Calling Jonathan Gold a restaurant critic does not do justice to the man and his importance to Los Angeles and the American culinary scene. He is a cultural anthropologist who uses food as a lens by which to examine the diverse human tapestry of one of the world’s great and misunderstood cities.
Los Angeles is not just Malibu and Hollywood. It is an amalgamation of ethnicities and small neighborhoods, a delicious pastiche of the American Dream writ in sprawl. Gold works as the restaurant critic for the Los Angeles Times, but he could also be considered the city travel guide. His reviews aren’t just about dining, they are about the people behind the food and the story that food tells.
In her enchanting documentary “City of Gold,” Laura Gabbert follows Gold as he investigates the city in his Dodge pick-up truck, agonizes over paragraphs, breaks deadline and celebrates the diversity of the city he loves.

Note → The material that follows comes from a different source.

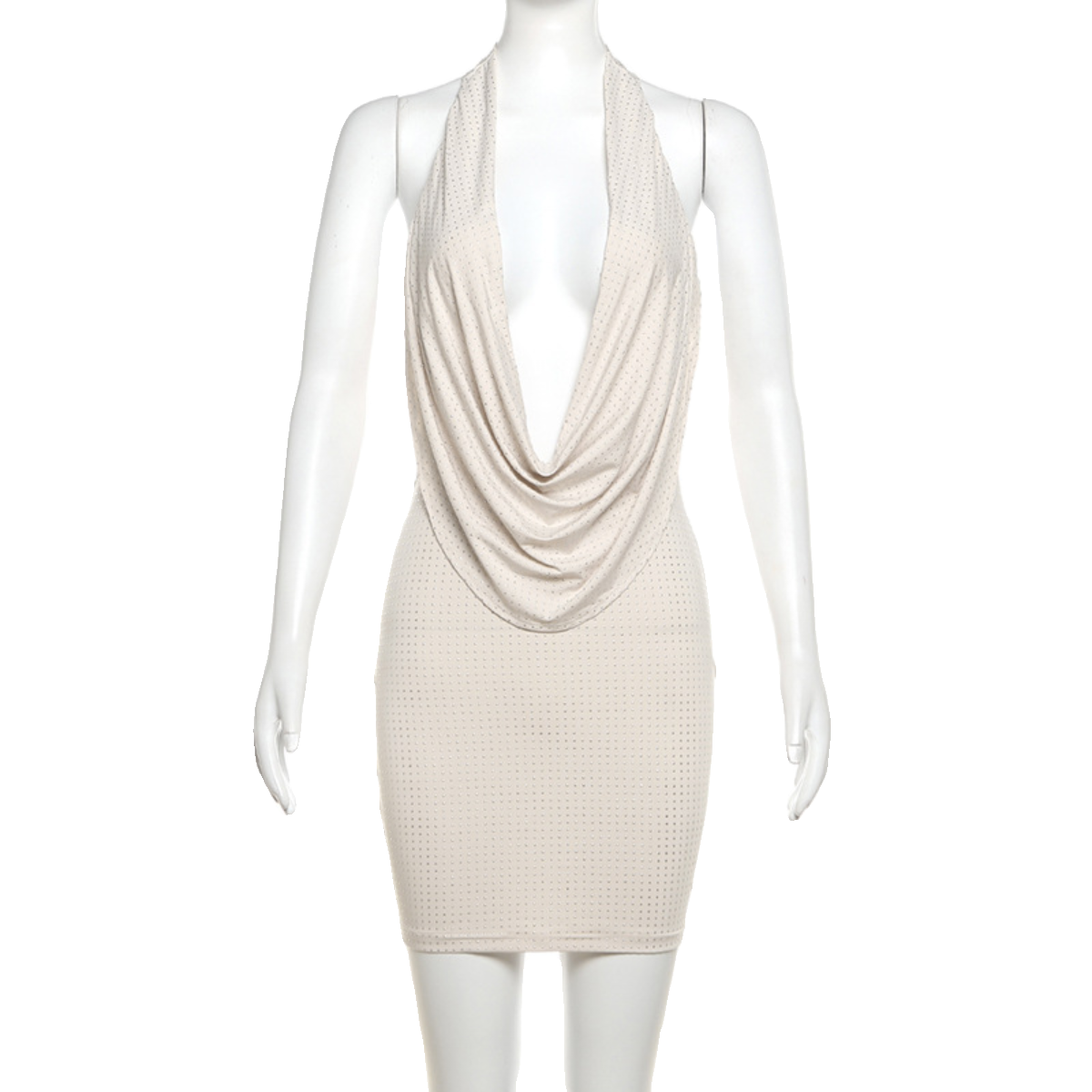 Jaghds | European and American Style Halter Neck Open Back Dress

Gabbert had an uphill battle convincing Gold to allow himself to be the subject of a documentary, and the few times the long-haired critic shows slight reticence about the attention, he reveals himself as a modest, humble man. The film does an excellent job of illustrating Gold’s joy and passion for food and the people who elucidate the soul of a city in dishes of fried chicken, steam buns, tacos and haute cuisine.

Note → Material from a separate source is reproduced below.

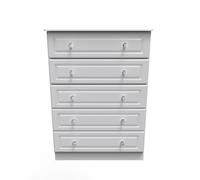 Stratford 5 Drawer Chest (Ready Assembled) Ready Assembled 2 U White One Size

The editing of the film has a jerkiness at times, as we dip into a family-owned restaurant for a few minutes and then trail into a humorous aside about the state of food blogging, but it gives the movie an organic feel and a casual familiarity that humanizes Gold and his wide-ranging interests and short attention span.
The film doesn’t follow a linear path, which allows for some nice surprises, such as the backstory about Gold’s family life, his passion for art and music and his history as one of the preeminent voices on West Coast hip-hop.
“City of Gold’ is a sweet and charming portrait of a talented man with a big appetite — for food, for people, for Los Angeles. It is an inspiring piece of work and one that makes you realize how lucky the Los Angeles Times is to have the only Pulitzer Prize-winning food writer on its staff and how even luckier the city of Los Angeles is to have someone chronicling and celebrating its diverse culinary wonders.
“City of Gold” screens again Sunday night at 7:30 p.m. at Alamo Slaughter and Thursday at 7:30 p.m. at Alamo South Lamar.